Tu n’as pas l’air de bien connaître Mai 68 : entre le 20 et le 29 mai, il y a eu des manifestations monstrueuses partout en France, avec 10 millions de grévistes pendant plus d’une semaine, et pas un flic dans les rues ! Et pour cause : le pouvoir n’avait pas intérêt à mettre de l’huile sur le feu – et le savait parfaitement !
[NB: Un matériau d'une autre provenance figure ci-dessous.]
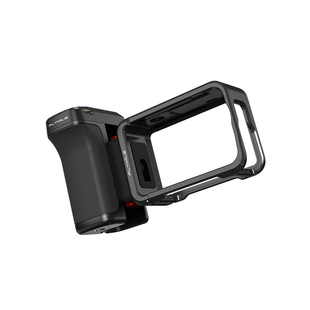 Flymile运动相机街拍手柄适用大疆Action6/5Pro/4蓝牙遥控器街拍手柄套装影石Insta360AcePro2金属兔笼配件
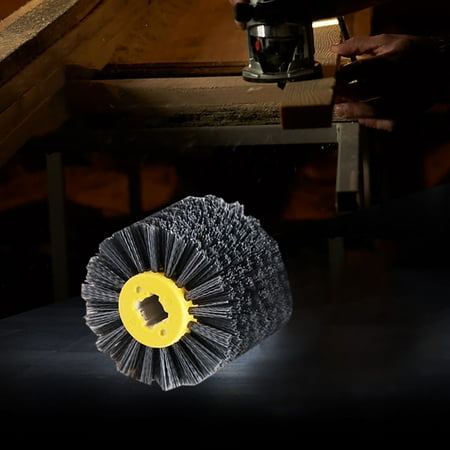 

WEPRO Grit Polishing Wheel Wire Nylon For Satin Grit Wheel Pull Brush Brush Brush Grinding Brush Machine Polishing 80240 Nylon Tools Home Improvement
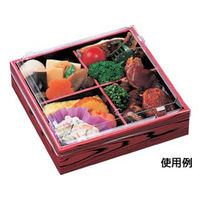 エフピコ 弁当容器 WPS-角165-165 本体 赤焼板目黒 80050129 1ケース(240個(15個×16)（直送品）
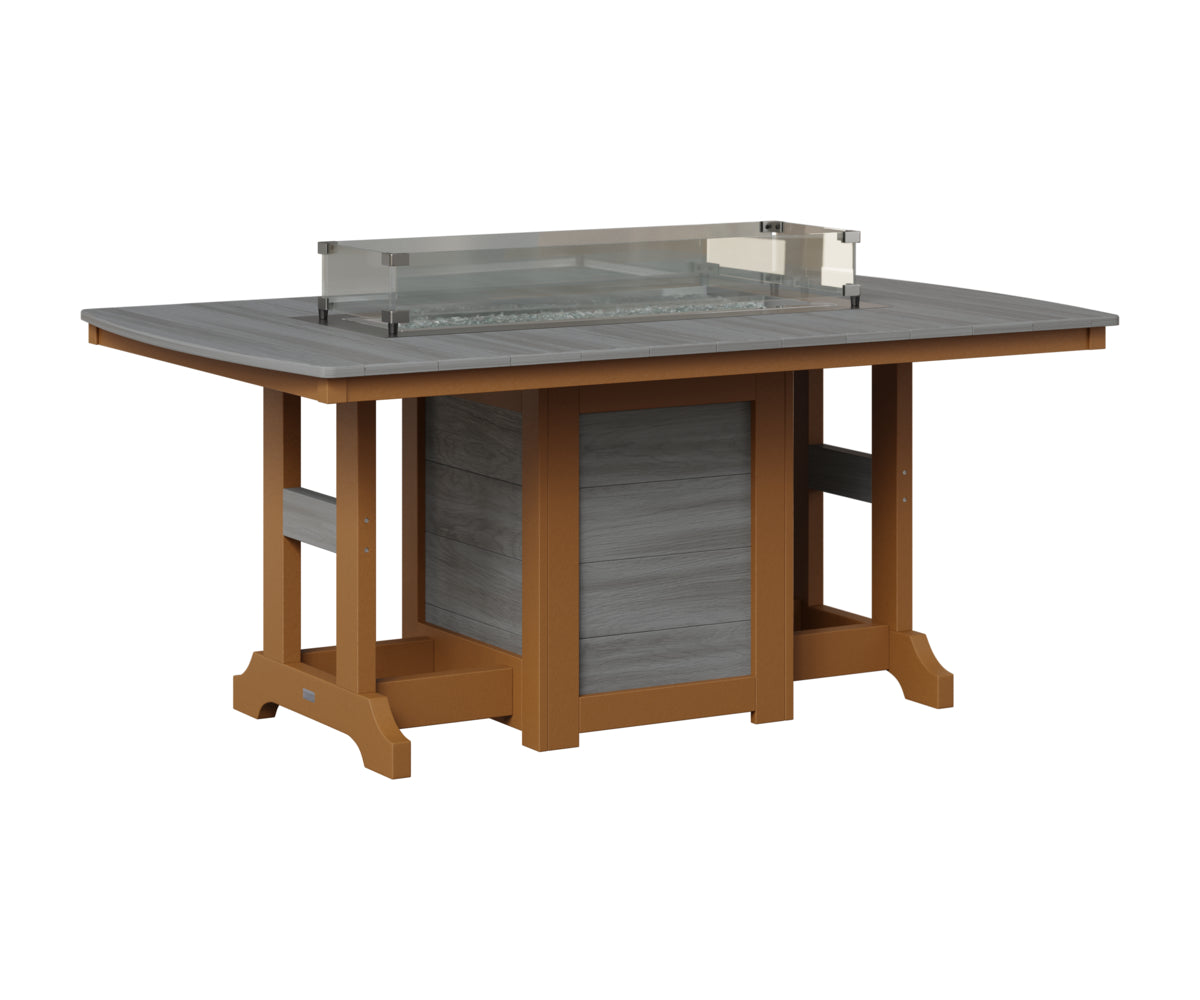 Garden Classic 44" x 72" Fire Table - Bar Height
Donc combattre la police, ça ne sert à rien, il n’y a aucun but, aucun développement de la lutte, de la conscience, de l’unité à en attendre ! Rien de rien ! Et pas la peine de venir dire que la police empêche une véritable égalité sociale : c’est le capitalisme qui l’empêche, la police n’en est qu’une manifestation et un outil. Il ne s’agit évidemment pas de défiler derrière les banderoles syndicales, ou celles du Parti stalinien et de ses laquais trotskystes, tous autant des saboteurs des luttes les uns que les autres : il s’agit de permettre à une véritable dynamique de lutte autonome, auto-organisée, tournée vers l’extension immédiate, qui permette d’être le plus nombreux et le plus ouvert possible, de se développer. Et là, quand ça se produit, on s’aperçoit, contrairement aux intervenants précédents, que le véritable problème, ça n’est pas les flics, ce sont les syndicats qui se chargent à la fois de pourrir le mouvement, de chercher à le contrôler, voire de le réprimer directement ! Je n’ai jamais eu à me taper avec les flics ; avec les syndicalistes, y compris les « radicaux », je ne compte plus ! Et je ne compte plus non plus le nombre de fois où j’ai pris la parole dans une AG pour dire qu’aller bloquer les ponts, les péages d’autoroutes, aller casser ceci ou cela, ça ne sert à rien, c’est même totalement contre-productif. Et ce sont en général LES SYNDICATS qui proposent ces « actions » dont le but n’est que de défouler les exploités !
« Les faits sont là pour le prouver, ce n’est que quand la démarche insurectionnel et émeutière est exprimée avec force (et courage) que l’on obtient des avancées « démocratiques » »
Ah bon ?!? On peut avoir un exemple ?…
Marche au pas à l’armée,
marche au pas au parti « invisible ».
Je sais même pas pourquoi des gens prennent au sérieux des textes publiés sur lundi matin.
La ligne politique de ces appelistes a montré ce qu’elle donnait sur la ZAD de NDDL et plus personne dans les blocs peut les prendre au sérieux franchement. La honte!
Ces gens ne représentent personne mais tentent tout le temps de faire des hold up sur nos pratiques. C’est leur taf.
Y’a plus que les universitaires pour aimer leur prose insipide.
Que crèvent tous les politiciens de lundi matin! On vit nos vies et nos révoltes loin de leur spectacle, et on veut pas les croiser sur notre chemin.